21: Pod Disruption Budgets

21: Pod Disruption Budgets

Objective

Understand the difference between voluntary and involuntary disruptions, learn how Pod Disruption Budgets (PDBs) protect application availability during planned operations, and practice creating and verifying PDBs.


Theory

Voluntary vs Involuntary Disruptions

Kubernetes distinguishes between two types of disruptions that can terminate Pods:

Type Examples Can Be Prevented?
Voluntary Node drain, cluster upgrade, kubectl delete pod, scaling down Yes — PDBs protect against these
Involuntary Node crash, OOM kill, hardware failure, kernel panic No — PDBs cannot prevent these

A Pod Disruption Budget (PDB) only protects against voluntary disruptions. When a voluntary operation (such as draining a node) would violate the PDB, the operation is paused or slowed down until it can proceed without breaking the budget.

PDB Configuration

A PDB defines how many Pods from a set must remain available during voluntary disruptions:

Field Description Example
minAvailable Minimum number of Pods that must remain running 2 or "50%"
maxUnavailable Maximum number of Pods that can be unavailable 1 or "25%"

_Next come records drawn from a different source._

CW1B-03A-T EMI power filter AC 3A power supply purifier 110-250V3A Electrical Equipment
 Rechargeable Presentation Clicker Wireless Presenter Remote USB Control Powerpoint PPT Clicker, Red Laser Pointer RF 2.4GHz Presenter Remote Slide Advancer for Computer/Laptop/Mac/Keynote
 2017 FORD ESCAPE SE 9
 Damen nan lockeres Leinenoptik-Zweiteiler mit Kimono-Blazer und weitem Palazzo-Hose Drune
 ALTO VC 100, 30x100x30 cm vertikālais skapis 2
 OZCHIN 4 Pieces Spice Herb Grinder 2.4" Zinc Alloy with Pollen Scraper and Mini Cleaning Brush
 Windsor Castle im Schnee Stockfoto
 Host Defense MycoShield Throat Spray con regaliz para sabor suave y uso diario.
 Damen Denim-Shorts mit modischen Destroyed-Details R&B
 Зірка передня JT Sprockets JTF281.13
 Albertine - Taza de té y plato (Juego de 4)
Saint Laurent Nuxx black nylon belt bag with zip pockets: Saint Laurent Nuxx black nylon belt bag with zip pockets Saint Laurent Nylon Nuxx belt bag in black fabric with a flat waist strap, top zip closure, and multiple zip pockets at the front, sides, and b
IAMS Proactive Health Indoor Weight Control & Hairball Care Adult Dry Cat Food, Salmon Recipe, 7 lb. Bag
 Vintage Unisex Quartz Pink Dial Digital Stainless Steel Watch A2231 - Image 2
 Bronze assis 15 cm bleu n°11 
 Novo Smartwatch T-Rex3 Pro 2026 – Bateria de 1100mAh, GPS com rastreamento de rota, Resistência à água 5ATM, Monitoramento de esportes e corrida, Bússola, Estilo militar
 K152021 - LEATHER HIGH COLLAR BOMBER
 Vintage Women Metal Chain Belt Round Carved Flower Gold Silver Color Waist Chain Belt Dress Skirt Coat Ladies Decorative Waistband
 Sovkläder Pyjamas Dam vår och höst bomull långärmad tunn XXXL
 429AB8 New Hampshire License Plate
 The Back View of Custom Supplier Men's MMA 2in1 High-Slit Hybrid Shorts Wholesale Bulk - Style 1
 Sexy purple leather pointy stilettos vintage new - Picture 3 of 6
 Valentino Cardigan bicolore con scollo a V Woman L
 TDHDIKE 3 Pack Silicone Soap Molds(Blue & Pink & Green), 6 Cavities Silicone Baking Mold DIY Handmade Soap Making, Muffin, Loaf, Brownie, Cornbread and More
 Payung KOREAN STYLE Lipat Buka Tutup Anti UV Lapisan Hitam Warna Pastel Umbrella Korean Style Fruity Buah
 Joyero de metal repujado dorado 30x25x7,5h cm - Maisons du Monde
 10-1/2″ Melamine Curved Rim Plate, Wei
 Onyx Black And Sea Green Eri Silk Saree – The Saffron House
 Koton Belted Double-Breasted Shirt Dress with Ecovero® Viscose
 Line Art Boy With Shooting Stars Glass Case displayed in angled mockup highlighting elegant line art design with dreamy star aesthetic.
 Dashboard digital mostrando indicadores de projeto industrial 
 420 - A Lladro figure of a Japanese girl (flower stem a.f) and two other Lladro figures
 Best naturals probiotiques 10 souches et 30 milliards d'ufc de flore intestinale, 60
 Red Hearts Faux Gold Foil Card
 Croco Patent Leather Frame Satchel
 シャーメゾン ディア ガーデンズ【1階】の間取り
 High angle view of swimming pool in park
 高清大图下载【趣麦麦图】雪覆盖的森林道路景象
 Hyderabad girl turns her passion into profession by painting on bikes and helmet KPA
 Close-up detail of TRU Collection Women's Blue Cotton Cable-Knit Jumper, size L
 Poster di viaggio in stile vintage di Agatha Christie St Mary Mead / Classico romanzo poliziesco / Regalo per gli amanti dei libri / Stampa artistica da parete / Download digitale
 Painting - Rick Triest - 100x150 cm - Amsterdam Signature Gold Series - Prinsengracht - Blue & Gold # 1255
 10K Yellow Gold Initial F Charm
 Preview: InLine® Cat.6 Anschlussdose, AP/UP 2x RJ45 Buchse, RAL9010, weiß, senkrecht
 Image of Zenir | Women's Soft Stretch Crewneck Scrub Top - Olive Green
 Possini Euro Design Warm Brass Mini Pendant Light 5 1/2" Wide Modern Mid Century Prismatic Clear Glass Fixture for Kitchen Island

You specify one of these fields, not both. They are complementary:

  • minAvailable: 2 with 3 replicas means at most 1 can be disrupted at a time
  • maxUnavailable: 1 with 3 replicas has the same effect

AKS Context: Node Upgrades

PDBs are especially important in AKS because of node surge upgrades:

  • During an AKS cluster upgrade, AKS creates new nodes with the updated version and drains old nodes
  • Surge upgrade settings control how many extra nodes are created simultaneously (recommended: 33% maxSurge for production)
  • Without a PDB, the drain process may evict all replicas of an application at once, causing downtime
  • With a PDB, the drain process respects the budget and evicts Pods gradually, maintaining availability
  • Quarantine behavior: If a PDB blocks node drain, AKS may quarantine the blocked node (cordon it and move on). The quarantined node stays on the old version and requires manual intervention
  • AKS also offers a force upgrade option that bypasses PDB constraints — use with caution as it can cause service disruption

Warning: Do not configure PDBs so aggressively that they block node upgrades entirely. For example, setting minAvailable equal to the replica count will prevent any eviction, potentially stalling cluster upgrades.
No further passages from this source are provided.